(Short web captions)
▬▬▬▬▬▬
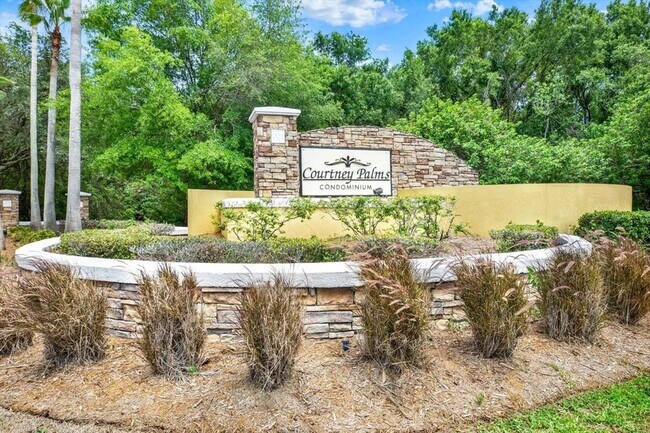 Building Photo - 10201 Courtney Palms Blvd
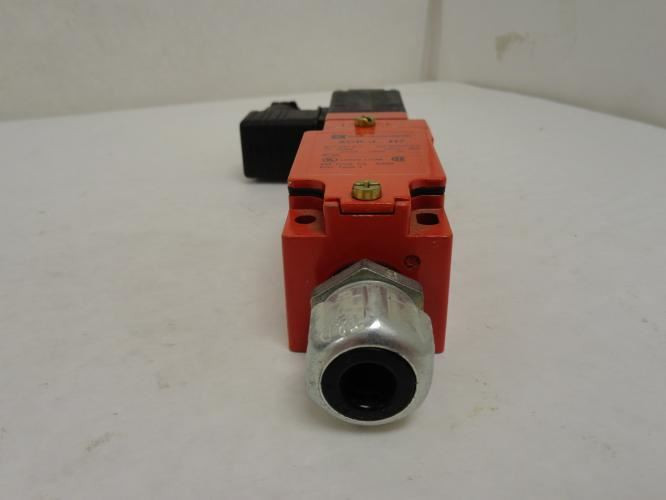 Telemecanique XCK-J5983F0H49545; Safety Switch; Interlock; 240V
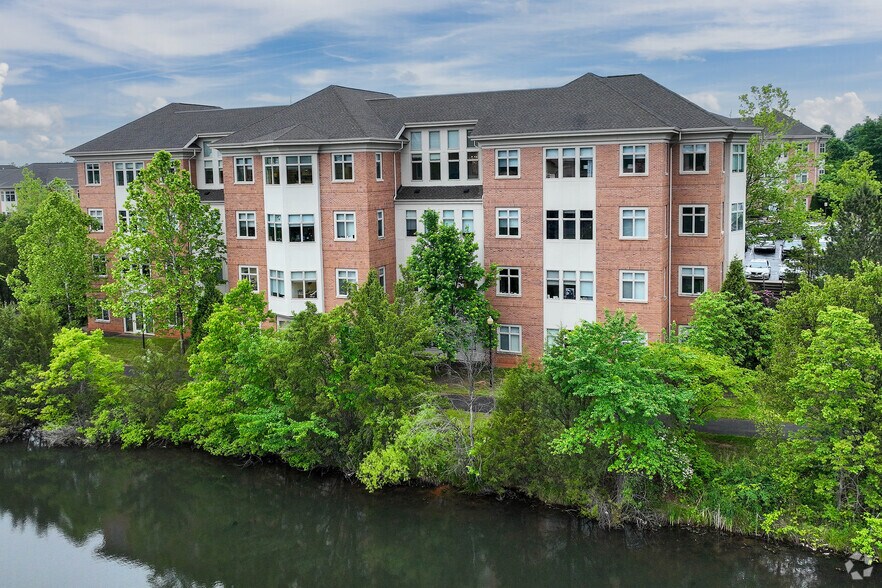 More Photos Of 46179 Westlake Dr, Sterling Office For Sale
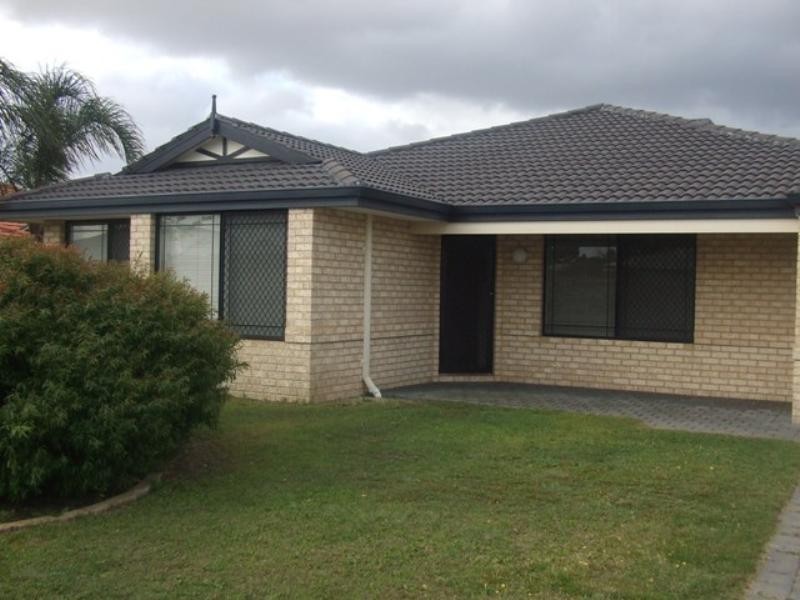 30 Cardiff Loop, Huntingdale WA 6110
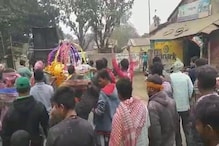 মালদহে বৃদ্ধের শ্মশানযাত্রায় ডিজে বাজিয়ে চলল উদ্দাম নাচ, পুড়ল বাজি মালদহে বৃদ্ধের শ্মশানযাত্রায় ডিজে বাজিয়ে চলল উদ্দাম নাচ, পুড়ল বাজি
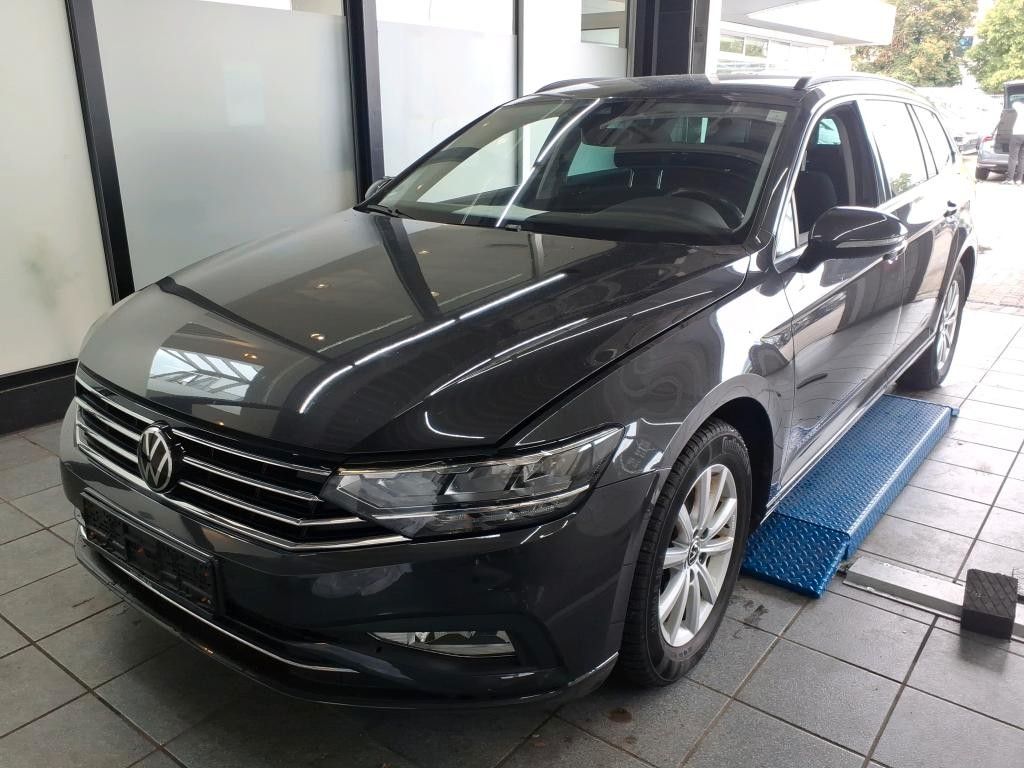 Image of Volkswagen Passat Variant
▬▬▬▬▬▬
## Exercise instructions
All of the entries above are to be written out exactly, with no pictures.

## Answer section
 Building Photo - 10201 Courtney Palms Blvd
 Telemecanique XCK-J5983F0H49545; Safety Switch; Interlock; 240V
 More Photos Of 46179 Westlake Dr, Sterling Office For Sale
 30 Cardiff Loop, Huntingdale WA 6110
 মালদহে বৃদ্ধের শ্মশানযাত্রায় ডিজে বাজিয়ে চলল উদ্দাম নাচ, পুড়ল বাজি মালদহে বৃদ্ধের শ্মশানযাত্রায় ডিজে বাজিয়ে চলল উদ্দাম নাচ, পুড়ল বাজি
 Image of Volkswagen Passat Variant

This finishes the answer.